Les deux textes bibliques bien connus sont :
1/ la théophanie du Sinaï aux chapitres 19 et 20 de l’Exode;
2/ le récit de la division des langues à Babel, au chapitre 11 de la Genèse.
Luc en retire les éléments qui l’intéressent immédiatement. Il le fait directement à partir de l’interprétation juive contemporaine. L’agencement apparaît alors significatif de la tension théologique que Luc développe dans le reste de son œuvre : la diffusion de l’Évangile s’appuie davantage sur le judaïsme de la diaspora que sur le judaïsme officiel représenté par les autorités de Jérusalem. Mais, pour cela, il faut que les Douze soient consacrés dans une Alliance qui, même si elle n’est pas nommée ainsi au début, se démontrera comme nouvelle, originelle, et pas seulement complémentaire. C’est le rôle de l’Esprit Saint.

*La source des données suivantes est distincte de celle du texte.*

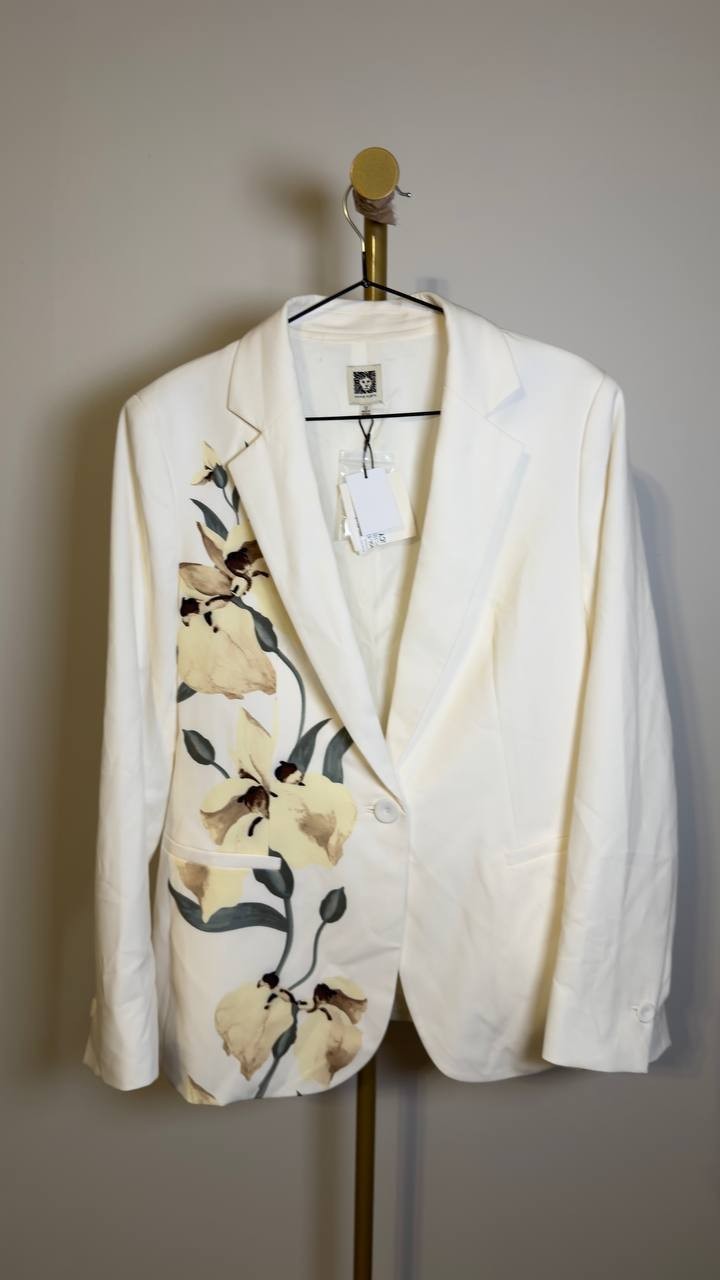 Anne  Klein  Women’s  Floral    Blazer  White  Dove  Multi   12  NWT  $189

Évidemment, mais nous n’en parlerons pas ici, l’intervention de l’Esprit Saint dans ce contexte s’appuie sur plusieurs textes des prophètes, notamment les promesses du don abondant de l’Esprit de Yhwh pour une alliance nouvelle en Ez 36 (le qualificatif "nouvelle" ne se trouve pas dans le texte) et pour le renouvellement de la prophétie en Israël selon Joël 3, 1-5.
Continuité et rupture : l’agencement des deux récits est donné pour fonder bibliquement un événement symbolique base historique d’une vision révolutionnaire par rapport à la tradition juive. Pour cela, selon les règles de l’exégèse juive, des termes communs aux deux textes étaient requis. Ce sont ici : la voix (dans le contexte de l’Exode, les tonnerres), la parole ou, pour en dire la diversité de formes, le langage (parole de Dieu et tonnerres indifféremment d’un côté et paroles des hommes de l’autre), la montagne et la tour comme élévations qui rapprochent de Dieu. Il fallait évidemment commencer par les éléments tirés de la théophanie du Sinaï, texte fondateur de l’Alliance par la Parole de l’Unique, quitte à revenir en arrière pour rendre actuel le récit des langues divisées, multiples.
Si l’on veut découvrir l’intention de Luc en ce récit, il est donc indispensable de mettre en évidence tout cet arrière-fond d’un récit célèbre mais trop souvent réduit à des éléments tirés de leur contexte originel et donc considérablement appauvris, pour ne pas dire détournés de leur véritable sens.[1]
Pour bien saisir les images dont est tissé le récit, il faut distinguer deux ensembles de phénomènes :
1- Les éléments théophaniques (à caractère d’orage – voir Ps 18, 8-15) :
- le « grand bruit venant du ciel », comme un tonnerre que tous peuvent entendre ;
- le tremblement de terre (ou de maison dans le cas présent), qui accompagne le coup de tonnerre ;
- le feu, correspondant à la foudre, ou tout simplement aux éclairs.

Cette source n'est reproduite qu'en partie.